Бабушка тихо заглядывает в дверь. Видимо, каждая интеллигентная женщина пятидесятых была чем-то похожа на актрису Элину Быстрицкую. И какое счастье, что хоть тебя никто ни во что не перековал... И тебе даже удалось каким-то чудом сохранить старые дореволюционные книги, фотографии на толстом картоне с позолоченными вензелями, фарфоровые сервизы фабрик Кузнецова и Гарднера, иконы в сверкающих окладах, диплом об окончании гимназии, венские стулья и даже фотографию царской семьи на фоне Медного Всадника в Санкт-Петербурге, аккуратно вырезанную из журнала "Нива".
И что-то подобное, несущее эти таинственные ароматы прежних эпох, бывает только в квартирах твоих старых коллег, твоих друзей и подруг... А больше нигде, никогда, ни у кого.
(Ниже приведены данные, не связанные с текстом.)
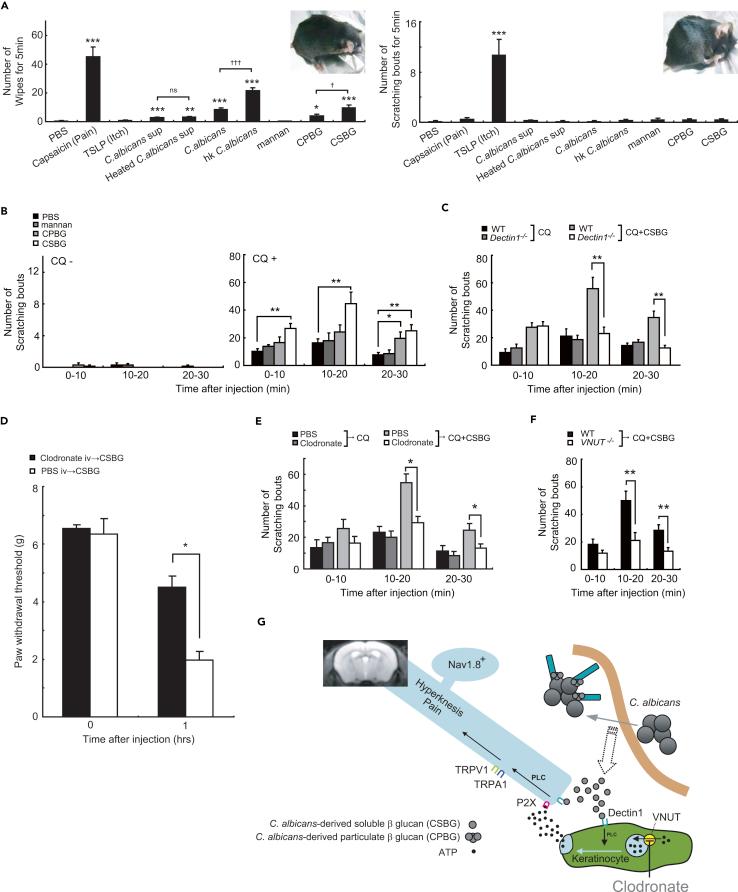 https://cdn.ncbi.nlm.nih.gov/pmc/blobs/7686/6137711/eefabdc12432/gr6.jpg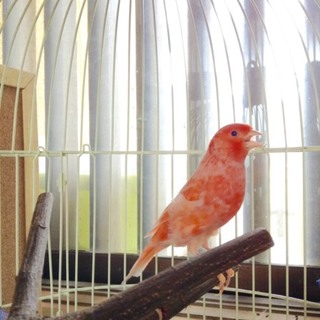 繊細なカナリアくん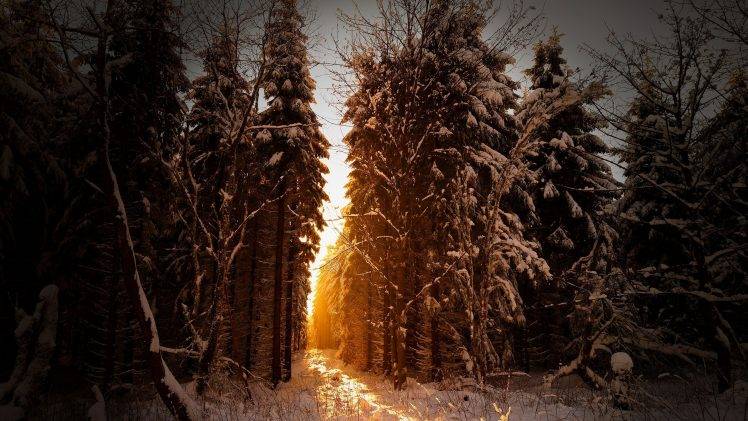trees, Snow, Sunlight, Winter, Landscape HD Wallpaper Desktop Background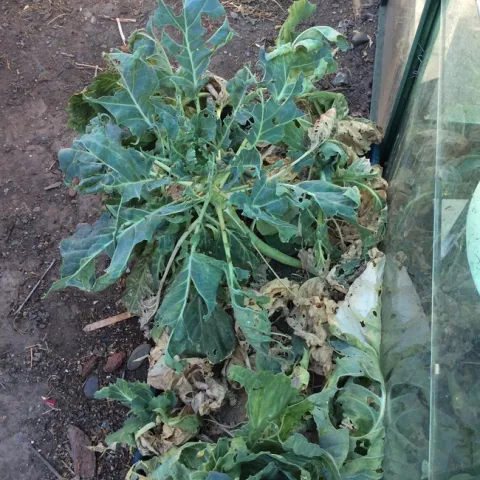 Who's Been Eating My Cabbage?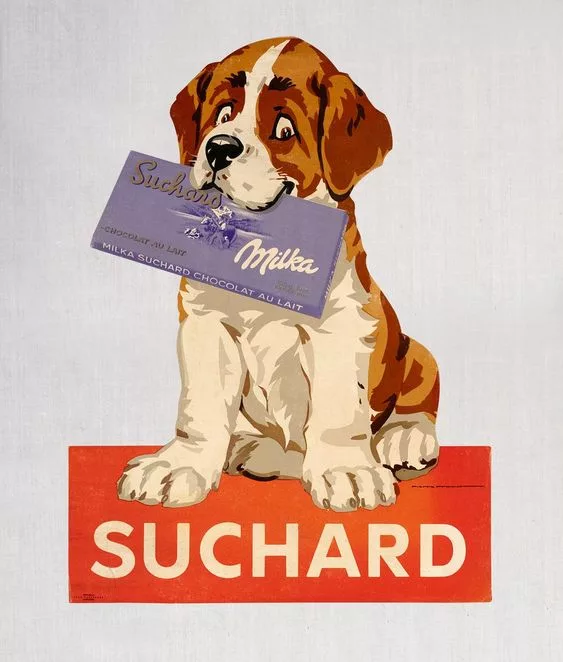 saint-bernard dog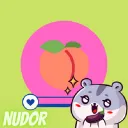 Icône du serveur Nudor fr
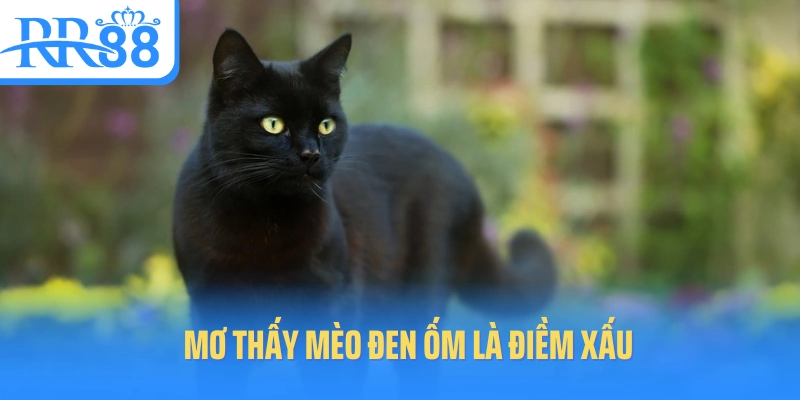 mo-thay-meo-con-bi-om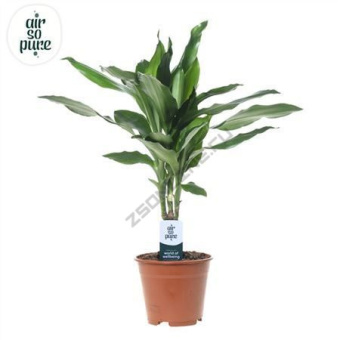 Драцена Джанет D12 H40 см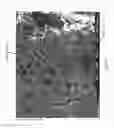 Fig. 03 - POROUS COMPOSITE MEMBRANE MATERIALS AND APPLICATIONS THEREOF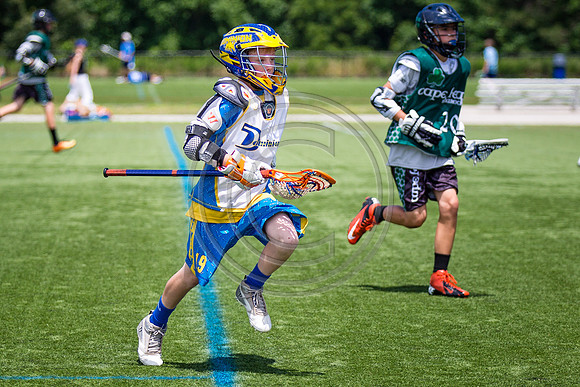 Lacrosse85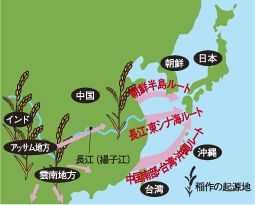 日本のルーツを解き明かす：今こそ知るべき「記紀」の決定的な相違点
И всегда бывало что-то неуловимое и непонятное в ваших разговорах друг с другом: словно вы лишь делаете вид, будто живете в настоящем времени и как-то с ним считаетесь, а все, кто принимает это нестоящее время за чистую монету, лишь очень наивные люди, которых и было принято называть "простыми" в те незапамятные времена...
И что-то в этом есть. Какая-то скрытая, до конца не понятная истина...
Оставляешь отглаженную рубашку и приносишь стакан с водой:
- Выпей. Это из храма. Тебе станет лучше.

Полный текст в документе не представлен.